Picked up stitch issues

My favorite thing to knit are gloves and mittens, and the occasional amigurumi, which means I often have to pick up stitches at thumb gussets or mitten flaps, etc. I must be doing it wrong though because my picked up stitches are always backwards and twisted (maybe that’s the same thing), so I end up having to purl when the pattern says to knit.

I don’t know what I’m doing wrong, and it’s driving me nuts! Has anyone else had this problem, and how have you solved it?

When picking up sts, always pick up from the right side. This will put the seam on the wrong side of your work (inside of mittens).

After picking up sts, when you work the actual row for the first time, check to make sure the sts aren’t twisted. When you get to a twisted st, just slide it off your left needle, untwist it and slide it back onto your left needle before working it. These twisted sts happen if you wrapped the yarn backwards when you made the pick up st.

If you find yourself having to purl rather than knit, then you are on the wrong side of your work. i.e. you are working on the inside of the round rather than on the outside of the round. Either turn the round inside out to get on the right side (not always possible/practical), or turn the work (like you were doing a short row) and continue on the outside of your round.

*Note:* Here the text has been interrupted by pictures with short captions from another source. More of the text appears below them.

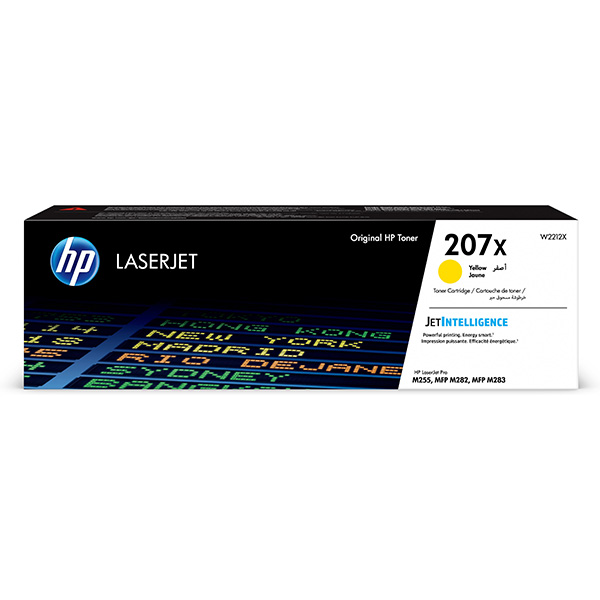HP CLJ Pro M255, MFP M282, M283, HP 207X, yellow, 2450str., [W2212X] - Laser toner//4,5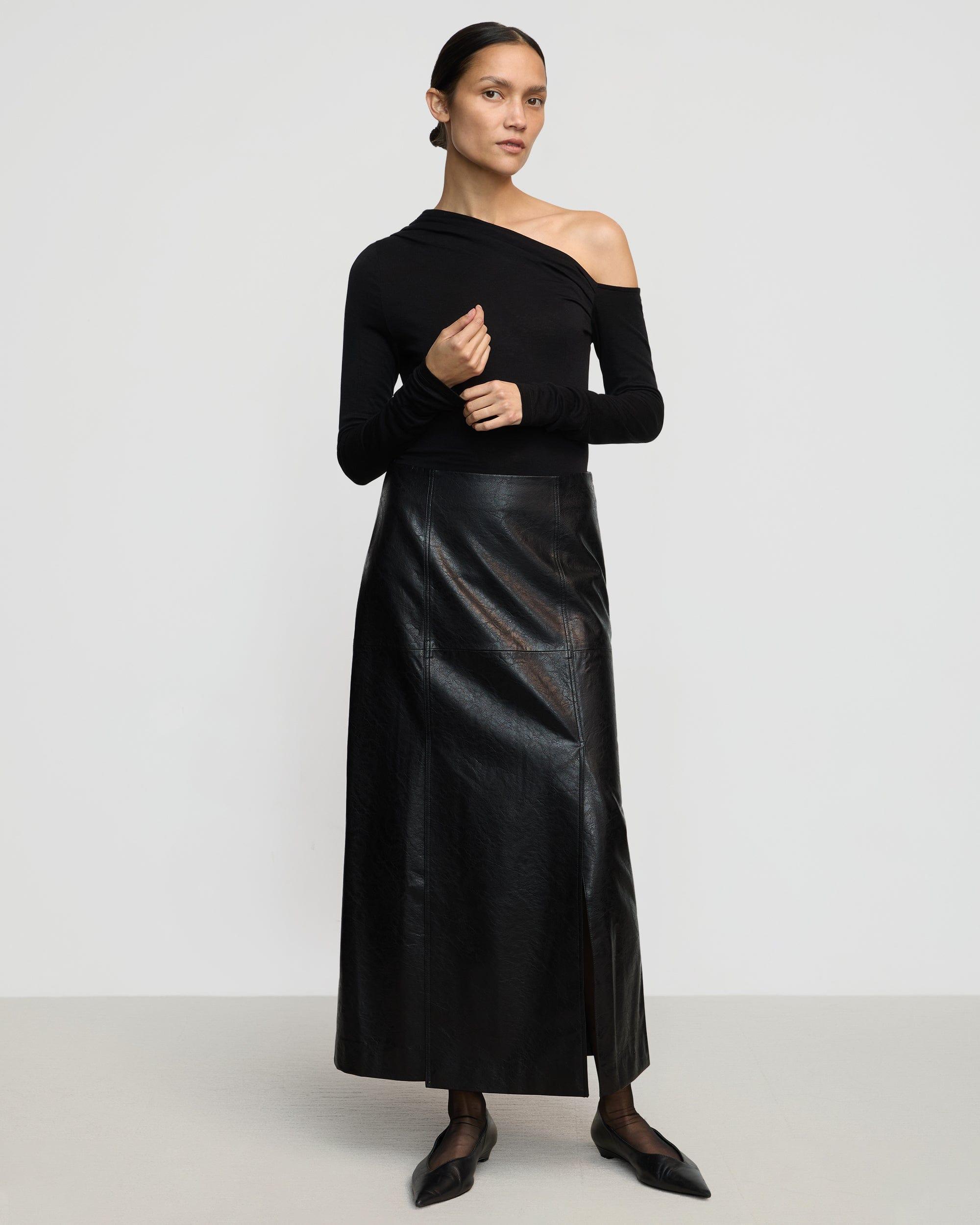 Ayra Tencel-Wool Off-Shoulder Tee Product Image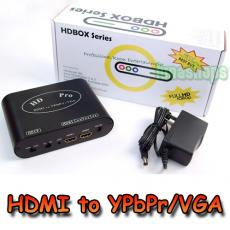 HD-E766 HDMI Converter HDMI to YPbPr/VGA HD HDTV BOX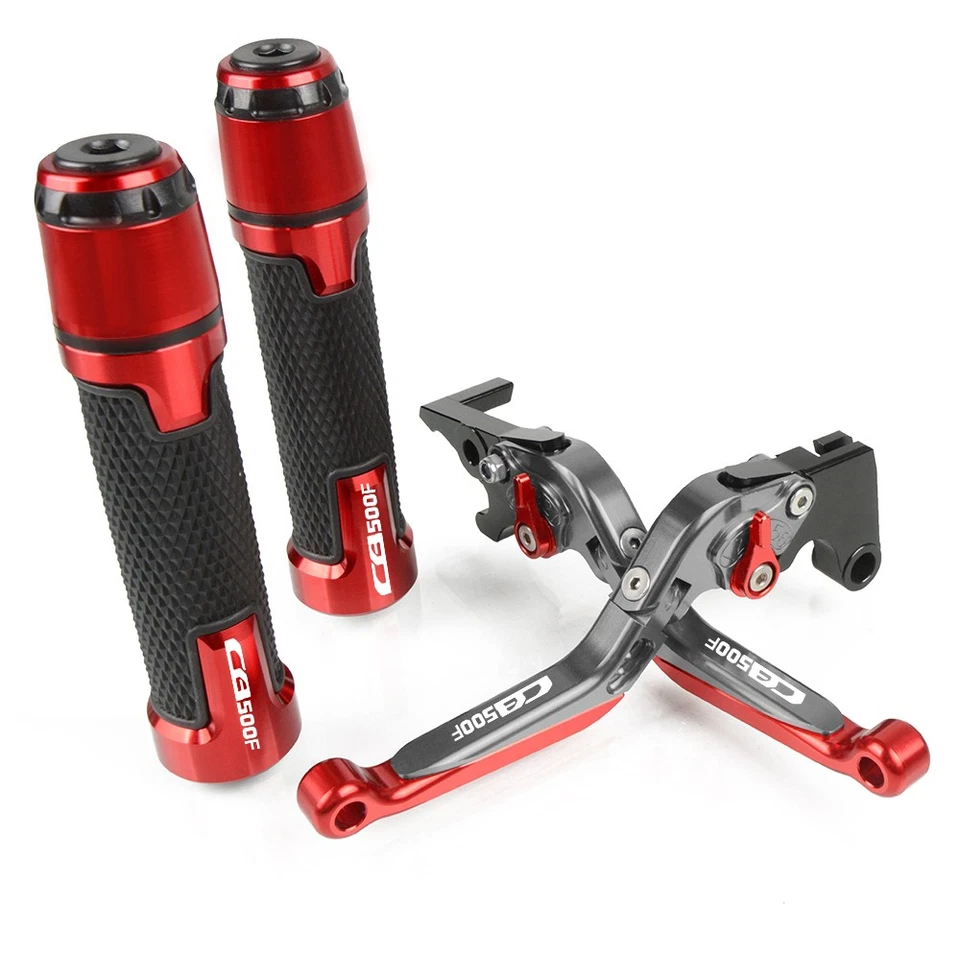 Brake Clutch Levers & Handlebar Grips Hand Bar Set for Honda CB500F 2013-2018 Foto 2 de 4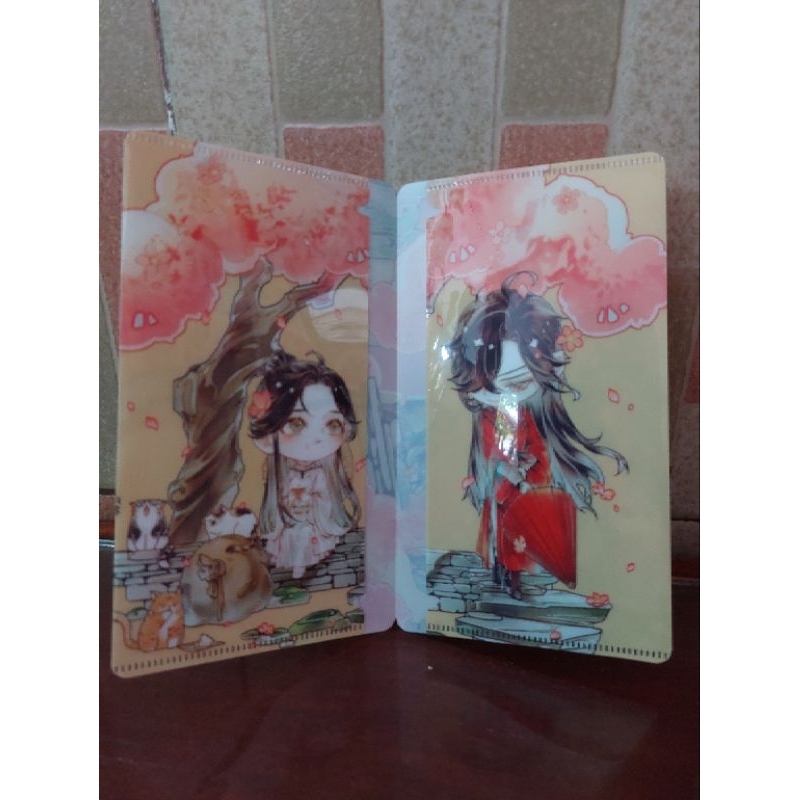 

tgcf ticket holder, xue lian, hua cheng (mini clear file)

Pick up and knit can also be done as pick up knitwise. You can pick up the sts from L to R with the left needle and ‘knit’ them off the needle, but it’s easier to insert the R needle into the sts from R to L and ‘knit’ them by wrapping the yarn around the needle and pulling through. Do this with the RS facing you and hold the edge to be picked up as if it was the L needle.

Stitches look like little horseshoes on the needle. They are angled about forty-five degrees. English and Continental knitters will have them oriented to the left. Here’s a video which might explain it better. If you’re an English or Continental knitter, ignore the directions for Eastern European knitting. The stitch orientation part in the beginning of this video is well worth looking at for any new knitter.